Our rule is simple: the impact goes up while the emissions go down. Portable commits to lowering, or where that is not yet possible, selecting the lowest-impact option for the energy and water footprint of AI solutions under our operational control.
Portable will design, build and run AI that helps Australia thrive while driving our Scope 2 and 3 emissions to half by 2025 and achieve net zero carbon emissions by 2030.. This statement guides our practice and will evolve as industry standards mature.
Belief statement
As a certified B-Corp, Portable is built on the principle that business should be a force for good. We treat AI the same way: a powerful tool with enormous public benefit potential, but also a physical footprint that can’t be ignored. Like all powerful tools, it carries a physical footprint. From the megawatts that train large language models we use to the litres of water that cool data-centres, the impacts are real. Stewardship is non-negotiable.
We are optimistic about AI’s public-good potential and clear-eyed about its footprint. All computing, especially in the cloud, has an environmental cost, from electricity demand to the cooling water used in data centres. These impacts are real and growing, particularly as AI use expands across industries.
We believe that responsible AI practice demands environmental stewardship.
Our approach seeks to follow the lead of Microsoft’s pledge to be carbon-negative (remove more CO₂ than it emits), water-positive (return more water than it uses) and zero-waste by 2030; Google’s push for 24/7 carbon-free energy (every data-centre hour powered by renewables) by 2030; and Hugging Face’s habit of adding model-card “nutrition labels” that reveal the CO₂ released when each AI model is trained.
In practice, that means choosing the smallest-viable model for the task, partnering with vendors that publish strong sustainability metrics, and staying transparent about what we don’t yet know. We’ll keep learning, adjusting and sharing so our clients, partners and community can see what our progress towards truly sustainable AI looks like.
What we do in practice
To reduce our environmental impact when using AI technologies, Portable commits to the following practices:
- Match the model to the task. We choose the smallest and most energy-efficient model (lowest life-cycle energy intensity covering both one-off training and cumulative inference based on the forecast usage) available that can still deliver the outcome. We do this by consulting industry model energy use leaderboards to evaluate the models we use where this information is available. This requires additional work, but we believe it’s worth it.

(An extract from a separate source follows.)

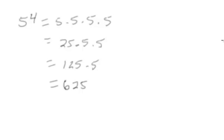I also want to do a quick example of the 10 rule. So 10 to the fourth is going to be equal to 1 plus this number, the exponent number of zeros. So that's going to be 1 and then 1, 2, 3, 4 zeros.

- Run on the cleanest power we can. We’ll prioritise cloud regions that show the highest renewable mix (≥90% where possible) while keeping data in Australia. As providers hit their 2030 sustainability milestones, we’ll keep re-evaluating.
- Disclose the numbers. Portable will report the annual energy, carbon and water footprint of AI production workloads we develop by tracking AI system usage and, where feasible, convert this into estimates of CO₂-equivalent emissions and water usage. We aim to provide a short annual summary that can be included in our broader sustainability reporting.

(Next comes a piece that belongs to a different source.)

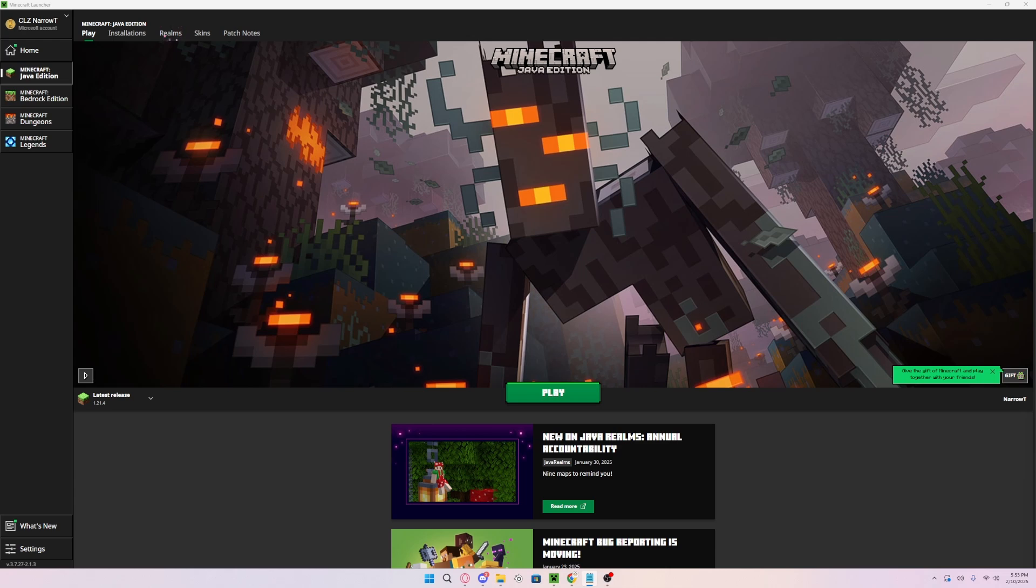Hello everybody, welcome back to another video. Today I will be showing you all how to install Minecraft shaders for the latest version of Minecraft 1.21.4.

- Become ISO 42001 ready. Embed the ISO/IEC 42001 AI System Impact Assessment process, including environmental factors, into every production deployment by 2027.
- Stay informed. We actively monitor industry research and vendor announcements regarding the energy and water use of AI systems. We recognise that current data is often incomplete or opaque and are committed to advocating for better transparency.

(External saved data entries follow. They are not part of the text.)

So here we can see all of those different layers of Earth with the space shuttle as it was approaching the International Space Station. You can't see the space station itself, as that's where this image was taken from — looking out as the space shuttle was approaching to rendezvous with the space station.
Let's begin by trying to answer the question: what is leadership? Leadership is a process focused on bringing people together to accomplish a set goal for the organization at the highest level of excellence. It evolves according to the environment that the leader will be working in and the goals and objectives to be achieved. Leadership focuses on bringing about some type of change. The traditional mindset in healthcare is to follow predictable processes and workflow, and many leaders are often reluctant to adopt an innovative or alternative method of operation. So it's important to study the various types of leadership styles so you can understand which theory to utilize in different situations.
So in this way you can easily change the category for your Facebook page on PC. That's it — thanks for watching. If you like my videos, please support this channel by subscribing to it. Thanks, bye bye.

- Ask for transparency. We write to vendors (such as OpenAI and other model providers) to request environmental impact data, and encourage clients to do the same. We believe that consistent demand for transparency can help shift the industry.
- Support impact reporting, offsetting and remediation. For clients who wish to go further, we can support you to include estimates of AI systems energy and water usage to include in ESG reporting and to enable carbon- or water-positive remediation. We will work with clients to identify appropriate carbon or water offsetting options and support them in reporting on these activities as part of their sustainability commitments.
- Publish learnings, tools and policies. We will share our AI sustainability methodology, encouraging sector change and reinforcing leadership as part of the B-Corp community working towards Net Zero by 2030 goals.
What we know (and don’t know)
The science and accounting of AI’s environmental impact is still emerging. Public benchmarks exist for some models, but provider-level and task-specific data are often hard to access. Energy usage varies widely based on the infrastructure used, model type, use case, inference, and region among other factors. We acknowledge these limitations and where we estimate impact, we do so transparently, using best-available figures and stating our assumptions.
What now
We’ll keep learning, adjusting, and sharing — and we invite our partners to do the same. Let’s set a new standard for sustainable AI together.